- _What the task requires_:
Return only the stretch of the material below that begins with the line containing "DreamBid. Image 5." and ends with the line containing "LOUIS VUITTON X NIKE – LSVT215 - Image 2", exactly; both of those lines belong to it.

========

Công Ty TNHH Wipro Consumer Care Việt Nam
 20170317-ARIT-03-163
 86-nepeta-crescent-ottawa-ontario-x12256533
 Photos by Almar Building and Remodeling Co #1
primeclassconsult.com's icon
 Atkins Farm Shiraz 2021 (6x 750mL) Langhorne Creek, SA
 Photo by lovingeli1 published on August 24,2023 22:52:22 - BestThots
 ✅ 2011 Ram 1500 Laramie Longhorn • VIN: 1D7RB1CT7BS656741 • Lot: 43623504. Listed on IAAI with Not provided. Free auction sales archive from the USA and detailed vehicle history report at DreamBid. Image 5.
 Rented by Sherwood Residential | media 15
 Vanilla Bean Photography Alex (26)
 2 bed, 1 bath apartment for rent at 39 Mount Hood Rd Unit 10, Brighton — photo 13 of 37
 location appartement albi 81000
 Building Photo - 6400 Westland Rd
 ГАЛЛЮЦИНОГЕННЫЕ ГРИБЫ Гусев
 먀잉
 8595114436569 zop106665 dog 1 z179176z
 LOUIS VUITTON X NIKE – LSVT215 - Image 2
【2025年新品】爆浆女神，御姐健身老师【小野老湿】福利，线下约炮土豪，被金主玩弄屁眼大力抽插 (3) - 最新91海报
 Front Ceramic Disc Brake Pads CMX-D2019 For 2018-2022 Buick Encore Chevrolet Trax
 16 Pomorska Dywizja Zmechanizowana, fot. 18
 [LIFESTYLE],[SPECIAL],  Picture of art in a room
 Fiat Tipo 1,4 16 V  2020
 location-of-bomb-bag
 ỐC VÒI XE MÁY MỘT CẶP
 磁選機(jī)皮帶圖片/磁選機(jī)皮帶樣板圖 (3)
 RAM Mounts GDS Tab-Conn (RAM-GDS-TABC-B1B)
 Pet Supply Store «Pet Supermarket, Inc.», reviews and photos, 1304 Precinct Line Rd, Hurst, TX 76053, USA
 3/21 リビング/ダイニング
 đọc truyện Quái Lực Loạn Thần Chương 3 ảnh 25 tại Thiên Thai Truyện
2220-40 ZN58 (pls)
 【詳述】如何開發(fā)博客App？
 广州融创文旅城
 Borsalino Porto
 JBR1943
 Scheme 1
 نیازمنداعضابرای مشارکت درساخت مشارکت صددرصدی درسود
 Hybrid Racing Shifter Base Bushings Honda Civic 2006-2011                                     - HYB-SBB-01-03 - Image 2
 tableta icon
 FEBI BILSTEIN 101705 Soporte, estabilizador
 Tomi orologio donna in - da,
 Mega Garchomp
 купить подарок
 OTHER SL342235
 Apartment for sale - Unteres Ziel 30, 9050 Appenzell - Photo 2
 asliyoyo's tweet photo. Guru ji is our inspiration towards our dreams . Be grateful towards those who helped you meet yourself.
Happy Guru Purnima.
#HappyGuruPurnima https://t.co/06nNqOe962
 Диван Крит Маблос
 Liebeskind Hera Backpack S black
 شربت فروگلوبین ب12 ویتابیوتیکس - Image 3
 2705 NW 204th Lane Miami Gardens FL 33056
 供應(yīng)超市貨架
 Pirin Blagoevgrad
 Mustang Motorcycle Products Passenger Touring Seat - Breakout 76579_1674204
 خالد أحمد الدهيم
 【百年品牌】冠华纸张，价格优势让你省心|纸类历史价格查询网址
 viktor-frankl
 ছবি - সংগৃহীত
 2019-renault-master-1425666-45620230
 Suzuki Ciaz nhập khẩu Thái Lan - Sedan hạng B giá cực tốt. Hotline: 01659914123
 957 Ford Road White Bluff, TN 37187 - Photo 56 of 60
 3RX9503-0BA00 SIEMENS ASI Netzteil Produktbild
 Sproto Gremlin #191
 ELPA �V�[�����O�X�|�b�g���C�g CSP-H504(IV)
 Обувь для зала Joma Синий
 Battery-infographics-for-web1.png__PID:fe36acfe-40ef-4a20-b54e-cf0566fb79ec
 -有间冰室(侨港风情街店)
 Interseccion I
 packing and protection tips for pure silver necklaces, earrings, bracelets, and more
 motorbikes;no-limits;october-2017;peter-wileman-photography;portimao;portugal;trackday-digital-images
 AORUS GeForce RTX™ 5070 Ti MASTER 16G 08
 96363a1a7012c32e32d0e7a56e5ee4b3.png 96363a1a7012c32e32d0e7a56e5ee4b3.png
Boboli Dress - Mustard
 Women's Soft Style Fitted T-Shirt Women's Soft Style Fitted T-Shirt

========

- _Answer space_:
 ✅ 2011 Ram 1500 Laramie Longhorn • VIN: 1D7RB1CT7BS656741 • Lot: 43623504. Listed on IAAI with Not provided. Free auction sales archive from the USA and detailed vehicle history report at DreamBid. Image 5.
 Rented by Sherwood Residential | media 15
 Vanilla Bean Photography Alex (26)
 2 bed, 1 bath apartment for rent at 39 Mount Hood Rd Unit 10, Brighton — photo 13 of 37
 location appartement albi 81000
 Building Photo - 6400 Westland Rd
 ГАЛЛЮЦИНОГЕННЫЕ ГРИБЫ Гусев
 먀잉
 8595114436569 zop106665 dog 1 z179176z
 LOUIS VUITTON X NIKE – LSVT215 - Image 2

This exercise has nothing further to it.